Due process--which includes, but is not limited to, the arbitration matters touched upon in The Marlin Student Handbook --is fundamentally a series of provisions designed to assure the proper presentation of all relevant facts and beliefs in an open and forthright manner.

Due process begins in the life of the general community itself.  No amount of formal process will of itself create the conditions of general justice in the life of a community.  In the deepest sense, justice is everyone's responsibility as well as everyone's right.  Genuine discussion of problems requires openness.  Due process rules out secret "trials," "information hearings" convened without the accused's knowledge or presence, "testimony" from faceless informers and so forth.  Indeed, the presence of such activities within the life of a community invariably indicates weaknesses rather than strengths and suggest motivations which are not in line with the provisions of fundamental fairness.  The health of a community is reliably indicated by the extent to which the community depends upon openness and directness rather than upon secrecy and expediency.

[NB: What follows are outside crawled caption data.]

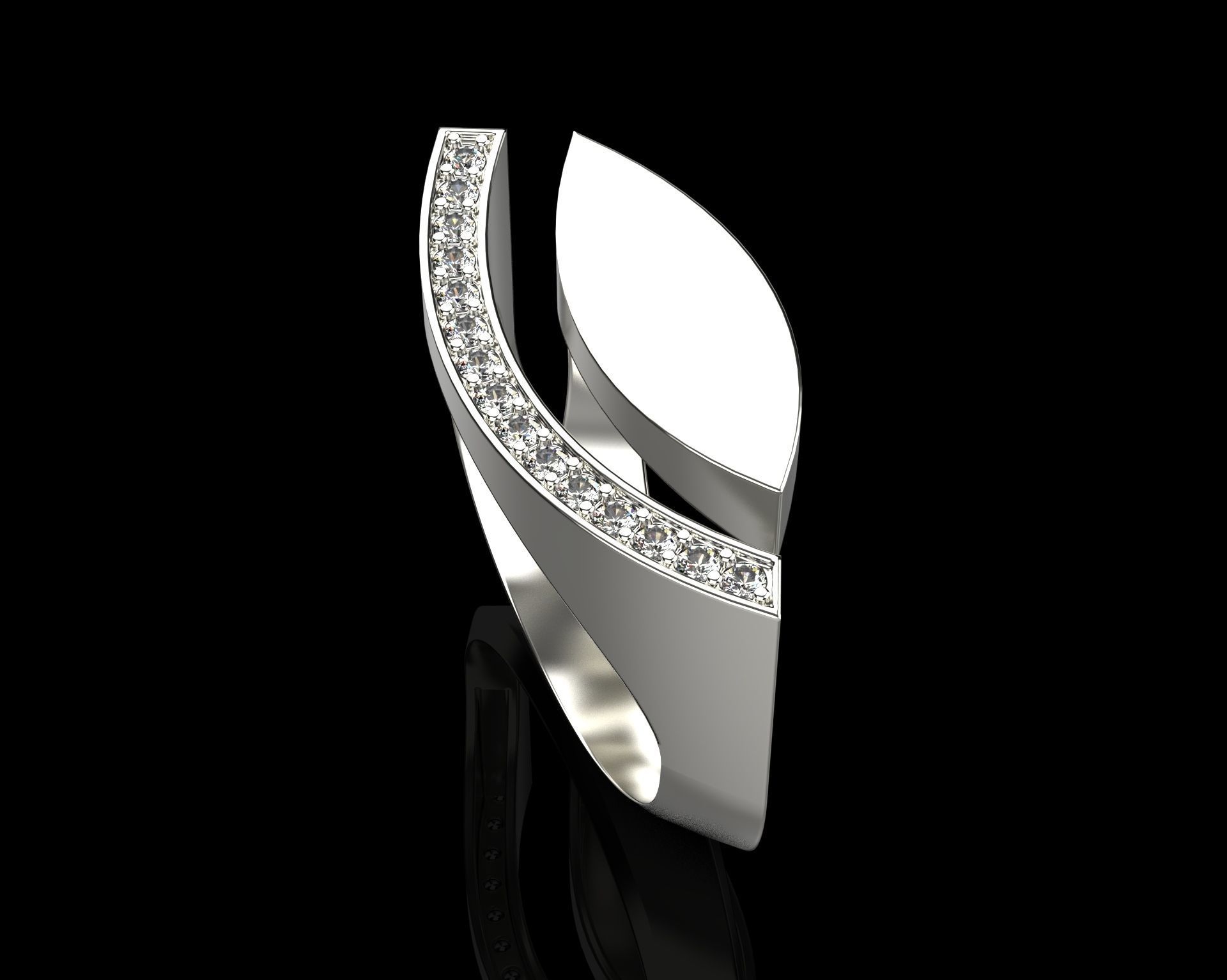 Ring with Diamonds N60 3D print model_12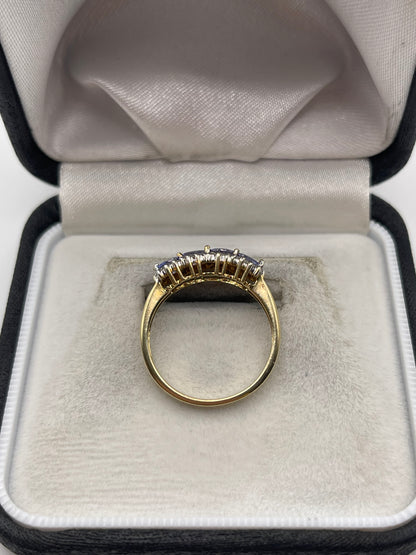 9ct gold tanzanite and diamond ring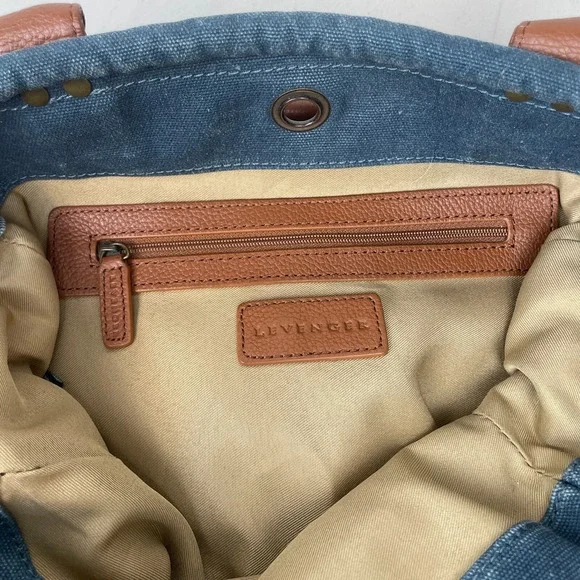 Levenger Tote Bag Denim Leather Trim 6 Pockets Purse Satchel Bucket Boho Pack
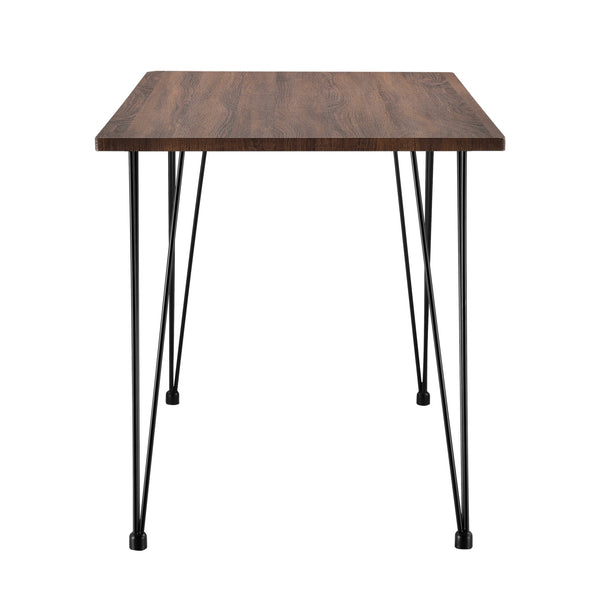 [en.casa]® Elegant spisebord med hårnål ben - 120x70x75cm - pulverlakeret stål - MDF - sort - valnød udseende - plads for 4 personer
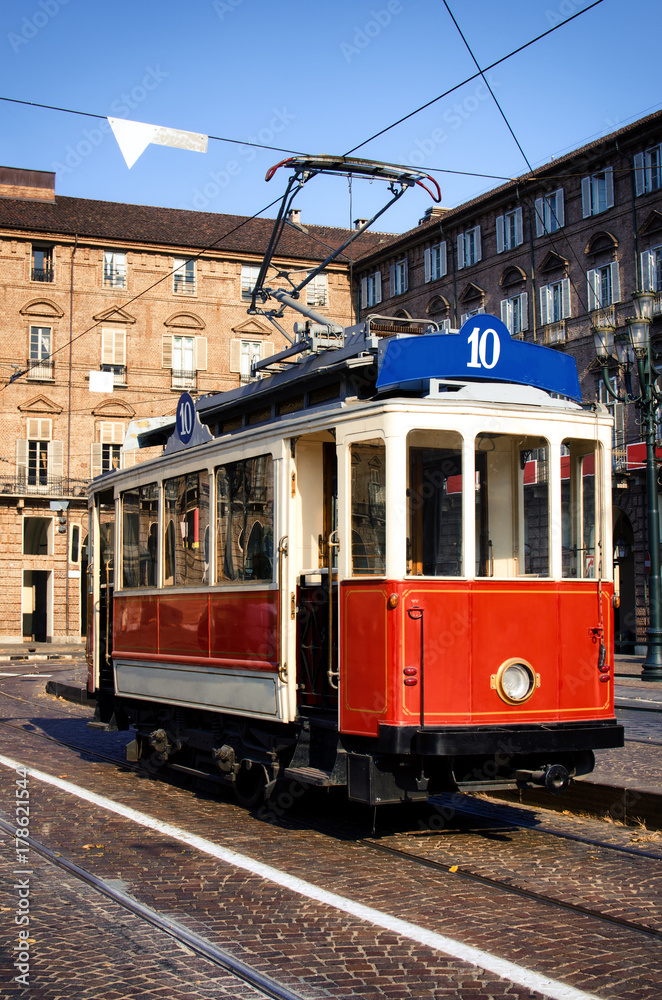 Historical tramway line number ten (from Crocetta to Regio Parco street) stops in Piazza Castello, main square of Turin (Italy)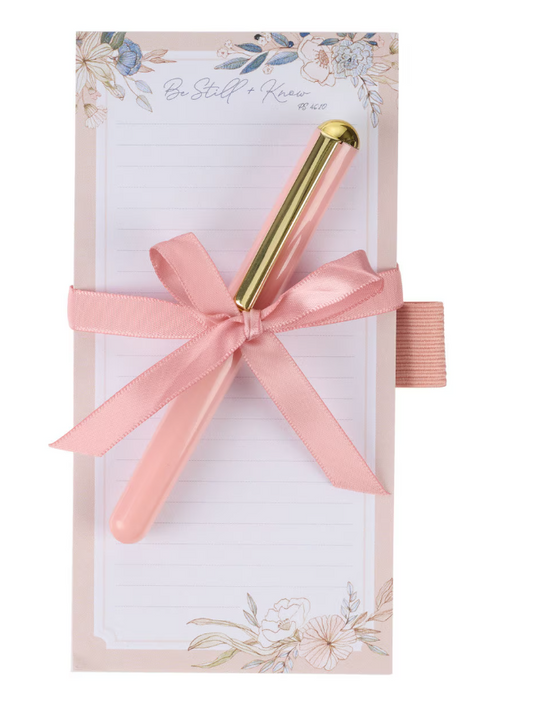 Be Still Peaceful Peach Blossoms Magnetic Notepad and Pen Gift Set - Psalm 46:10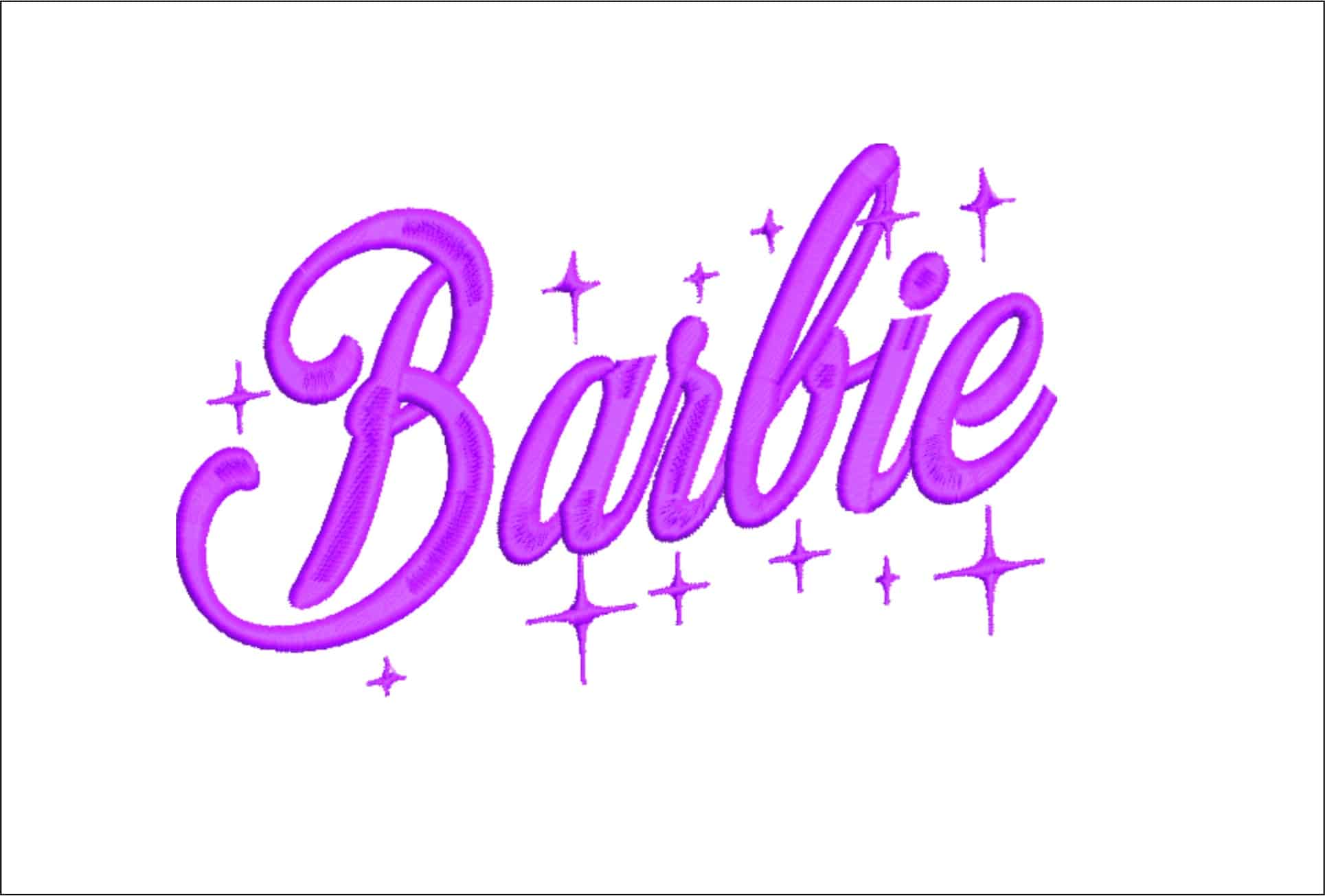 Barbie text embroidery design Pink Barbie Merry Stars Font Logo design machine pattern embroidery file instant download in a frame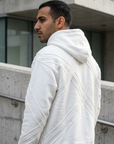 Yün Şerit Desenli Oversize Ekru Sweatshirt 5217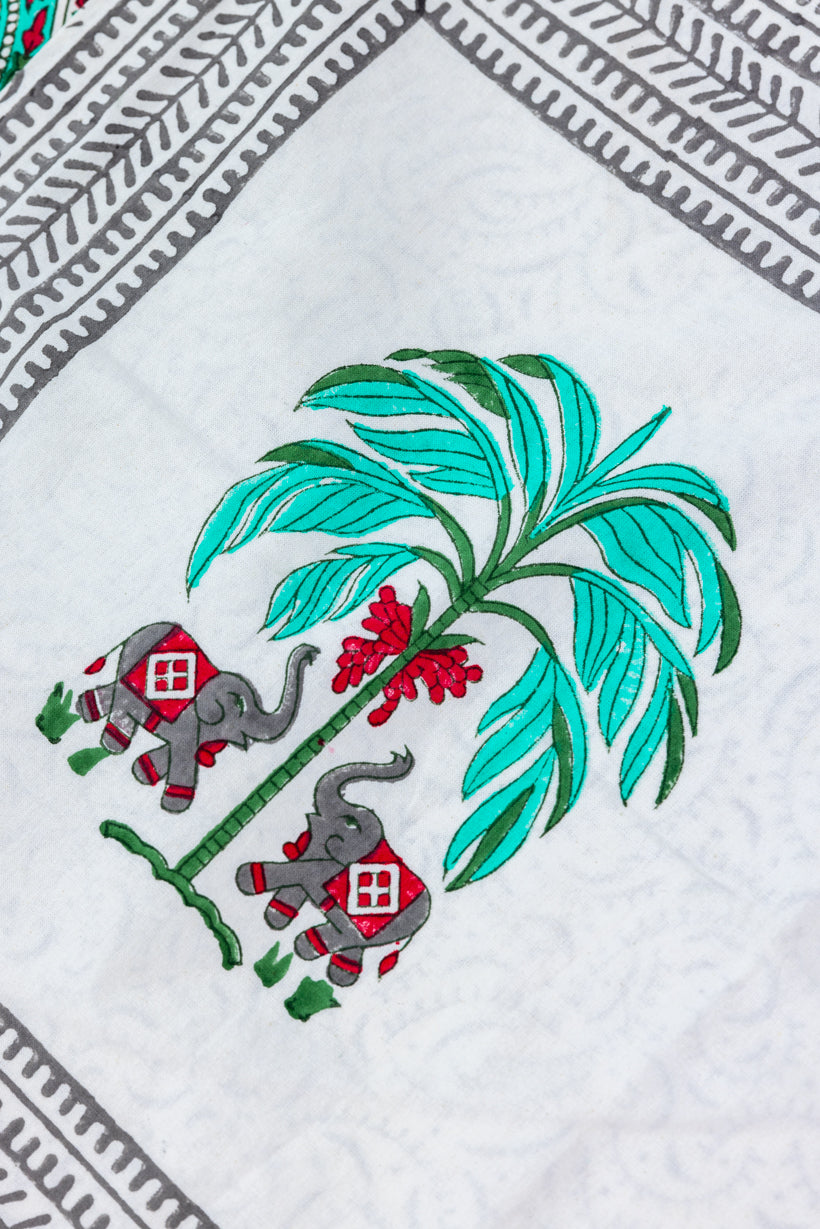 Green Palm Tree and Elephant South Cotton Bedsheet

In any proceeding within the Community Arbitration Process, a person accused of a violation of College policy will receive written notice of his alleged misconduct; be given a specific time, date, and place where the allegations will be mediated or arbitrated; and be assigned a mentor to guide them through the arbitration process.  Ordinarily a Residence Life staff member, not involved in the alleged incident, will serve as the fact finder to present their report to the appropriate arbitration hearing body.  The individual will be permitted to appear and present evidence and testimony and request others who have first-hand knowledge of the incident to do so on his behalf at the mediation or arbitration hearing.  In those situations where a binding arbitration decision is made by the Community Arbitration Board, it first must be reviewed and affirmed by the Community Review Board before the decision is final.  All proceedings will be intended to result in a fair and expeditious resolution, and strict rules of evidence and other judicial formalities shall not apply.  In reviewing matters where responsibility cannot be conclusively proven through admissions of the parties or other incontrovertible evidence, the College may rely on the preponderance of evidence to arrive at a resolution.

Organizational Structure

Nature of Disruption
  • Events in or near a residence hall involving the residents of that hall.
  • Events occurring anywhere other than residence halls and/or involving persons and circumstances not immediately related to any one hall.
Complainant
  • Any resident of the given hall.
  • Any member of the College community.
Process for Filing Complaints
  • Registration of complaint with the Residence Life or Campus Security offices.
  • Registration of complaint with the Dean of Students.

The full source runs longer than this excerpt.